▸ **Exercise description**
The answer should hold only the lines from the one containing "Laundry Rm on the lower level" through the one containing "[TREND BOTTOM COLLECTION]サテンミディナロースカート" in the entries below, copied exactly, without pictures.

*** Information ***

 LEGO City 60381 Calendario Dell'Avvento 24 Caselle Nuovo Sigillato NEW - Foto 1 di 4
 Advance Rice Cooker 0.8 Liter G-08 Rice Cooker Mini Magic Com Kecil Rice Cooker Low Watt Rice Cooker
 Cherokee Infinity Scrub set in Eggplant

*** End of Information ***
*** Information ***

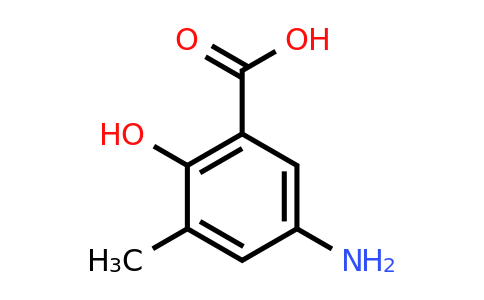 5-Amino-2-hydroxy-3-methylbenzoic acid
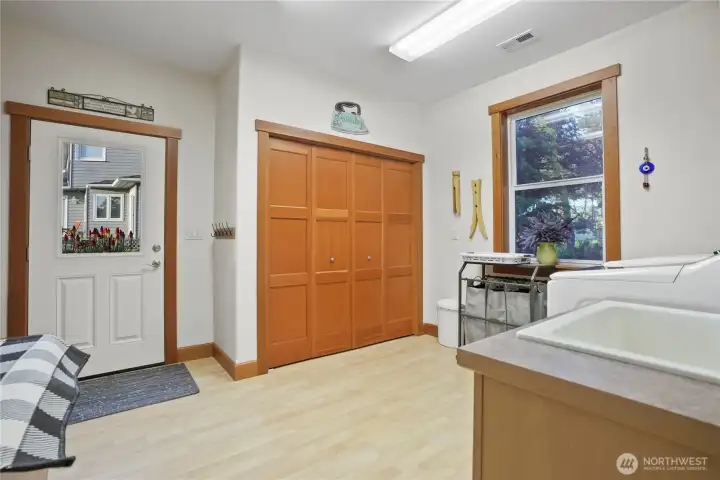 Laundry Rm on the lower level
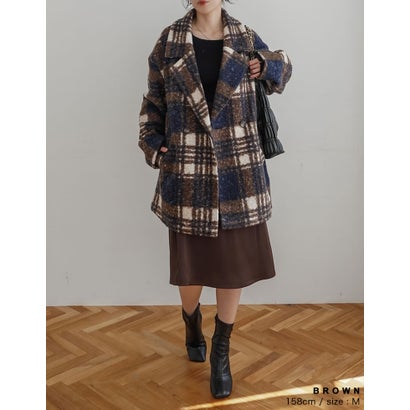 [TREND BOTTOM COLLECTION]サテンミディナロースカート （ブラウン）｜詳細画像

*** End of Information ***
*** Information ***

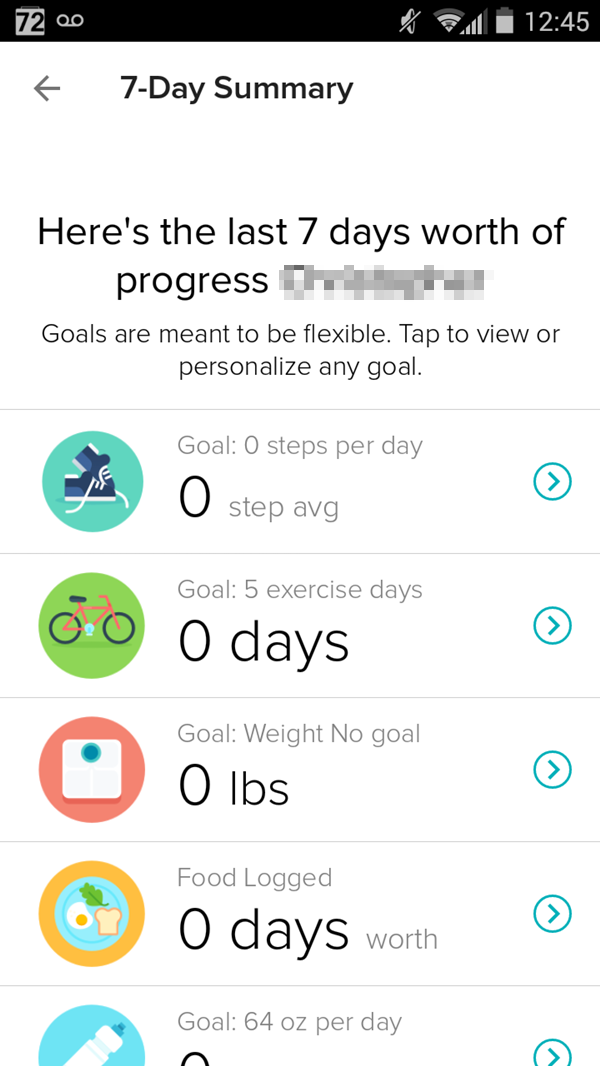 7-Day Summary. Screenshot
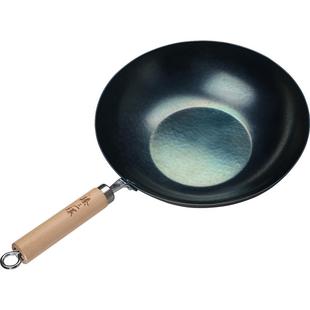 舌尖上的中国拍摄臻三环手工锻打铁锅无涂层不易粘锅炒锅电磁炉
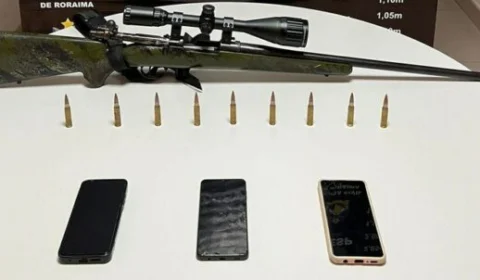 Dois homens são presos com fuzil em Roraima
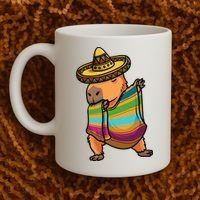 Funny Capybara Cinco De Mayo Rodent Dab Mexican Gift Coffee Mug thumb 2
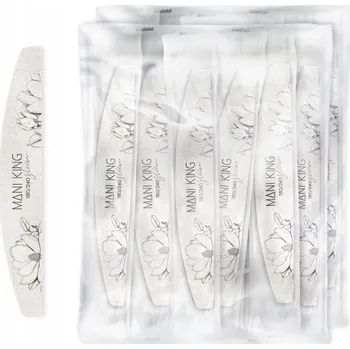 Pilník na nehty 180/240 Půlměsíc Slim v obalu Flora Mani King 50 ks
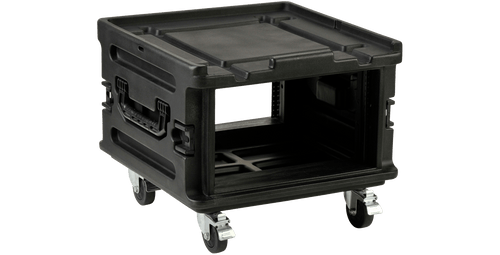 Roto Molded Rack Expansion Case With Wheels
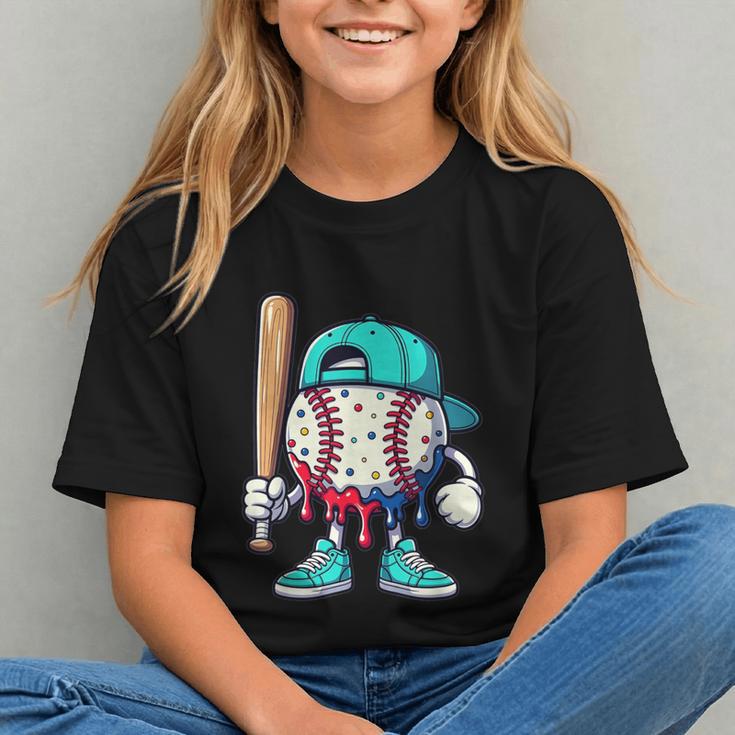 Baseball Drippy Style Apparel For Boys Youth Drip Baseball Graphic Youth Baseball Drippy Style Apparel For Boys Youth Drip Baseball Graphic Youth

*** End of Information ***

▸ **Completed exercise**
 Laundry Rm on the lower level
 [TREND BOTTOM COLLECTION]サテンミディナロースカート （ブラウン）｜詳細画像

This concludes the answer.